▶ Your task
An exact copy of the records is required, minus the pictures they hold.

[Supplied records Boundary: Start]

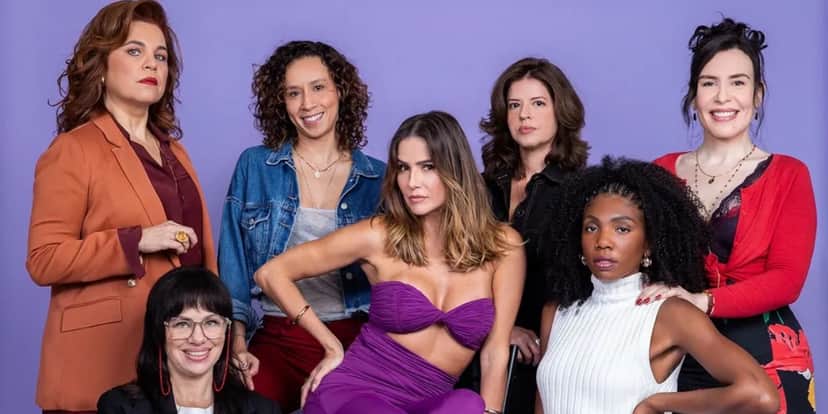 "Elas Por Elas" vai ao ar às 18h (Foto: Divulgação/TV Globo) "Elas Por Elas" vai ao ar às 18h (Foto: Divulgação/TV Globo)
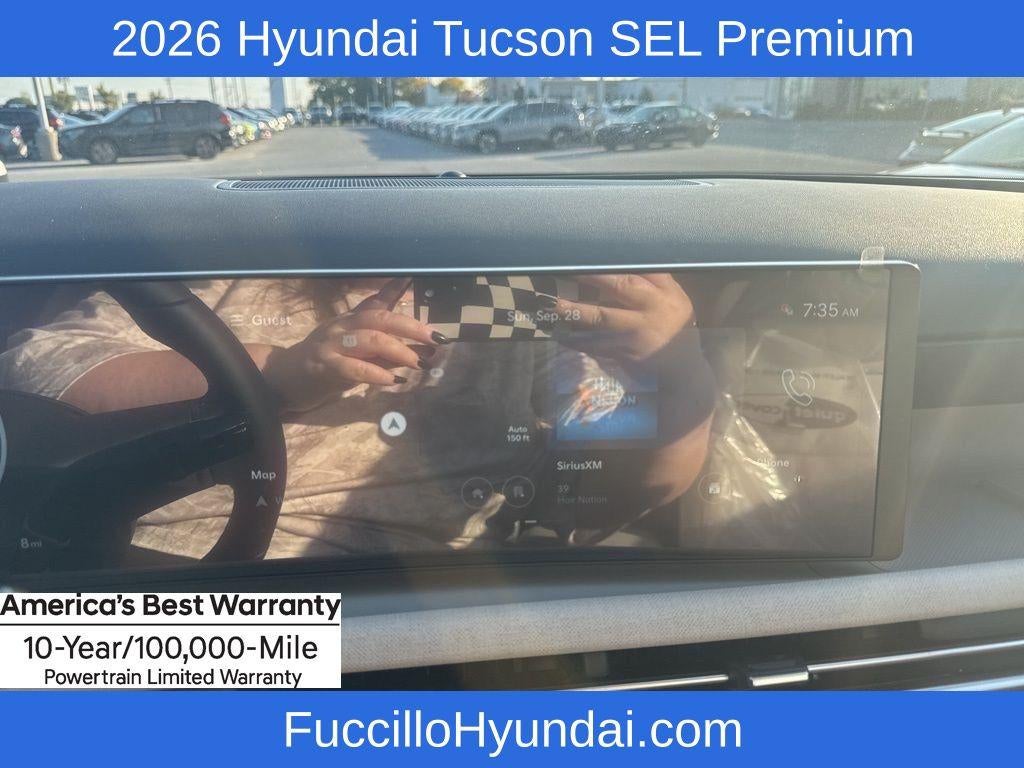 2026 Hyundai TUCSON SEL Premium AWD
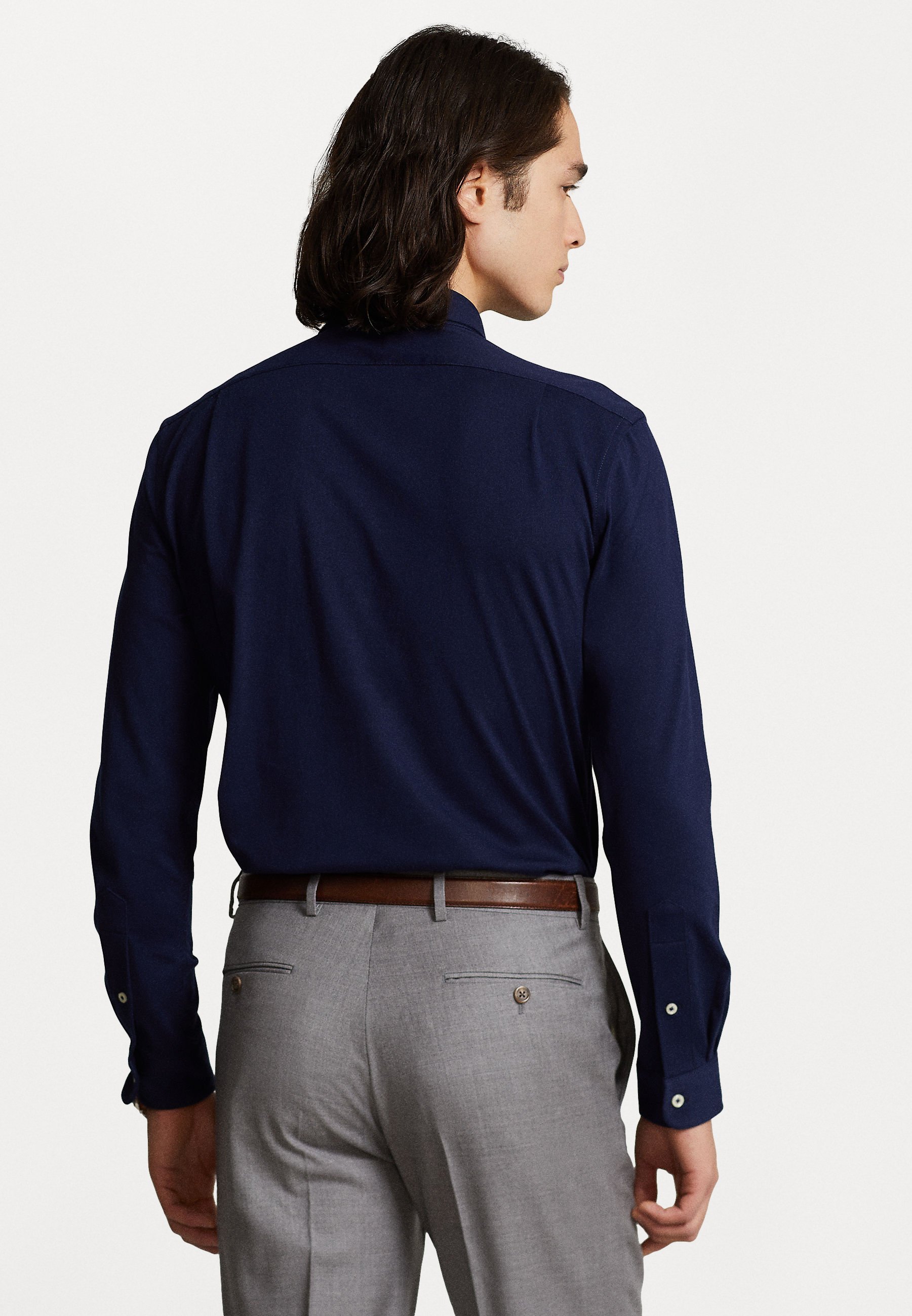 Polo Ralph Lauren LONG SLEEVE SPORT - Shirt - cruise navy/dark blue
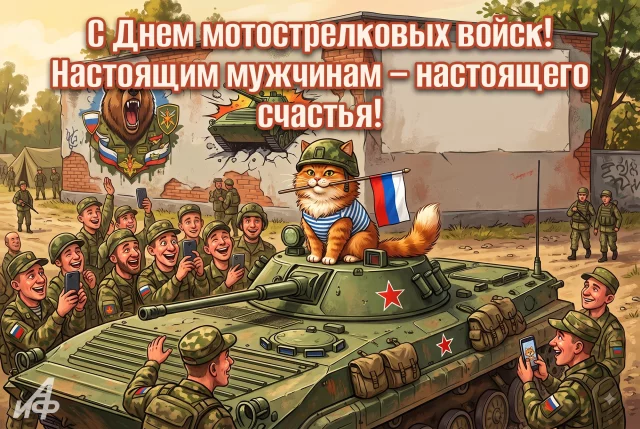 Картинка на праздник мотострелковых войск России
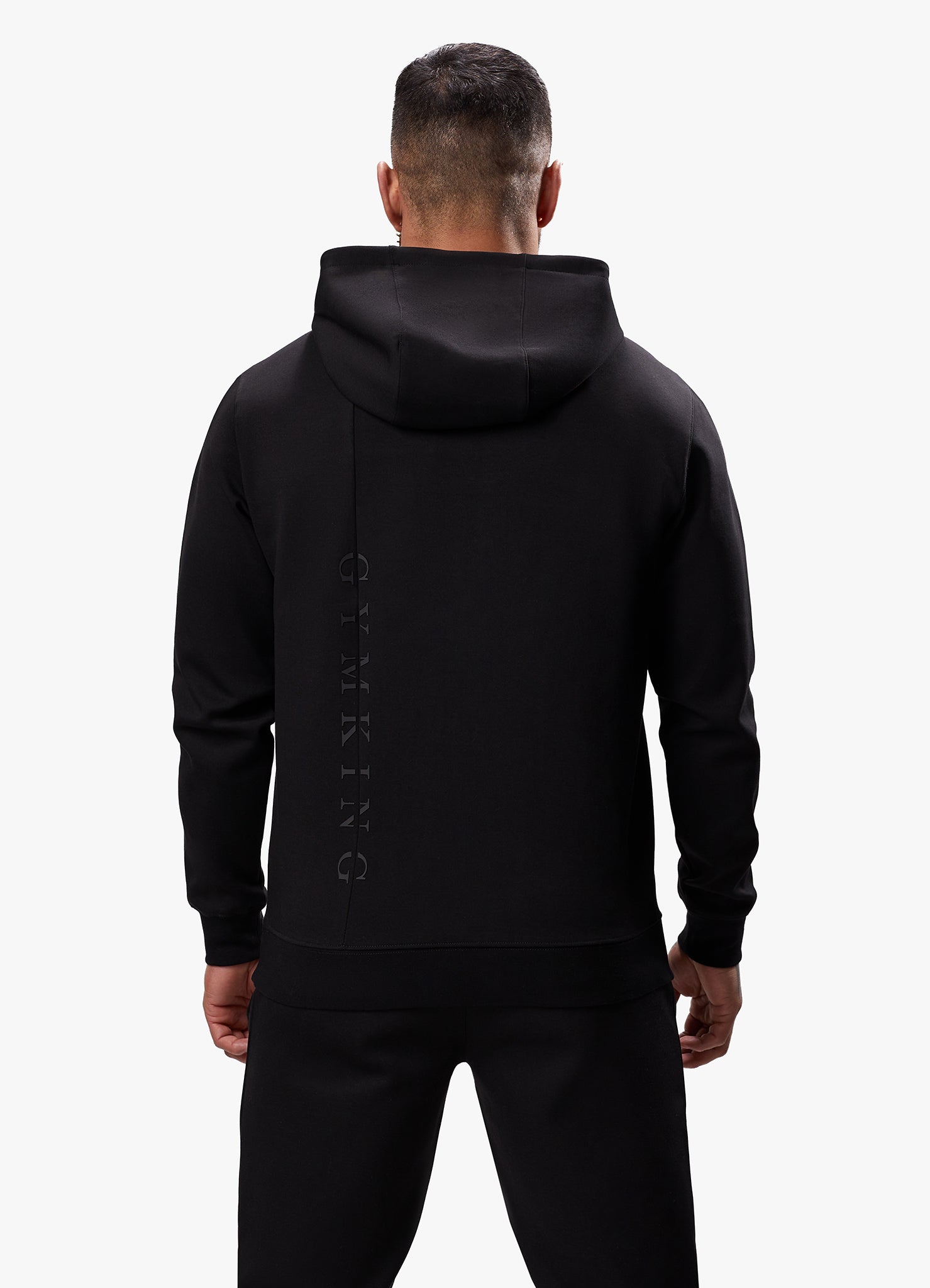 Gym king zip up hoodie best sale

[Supplied records Boundary: End]

▶ Answer space
 "Elas Por Elas" vai ao ar às 18h (Foto: Divulgação/TV Globo) "Elas Por Elas" vai ao ar às 18h (Foto: Divulgação/TV Globo)
 2026 Hyundai TUCSON SEL Premium AWD
 Polo Ralph Lauren LONG SLEEVE SPORT - Shirt - cruise navy/dark blue
 Картинка на праздник мотострелковых войск России
 Gym king zip up hoodie best sale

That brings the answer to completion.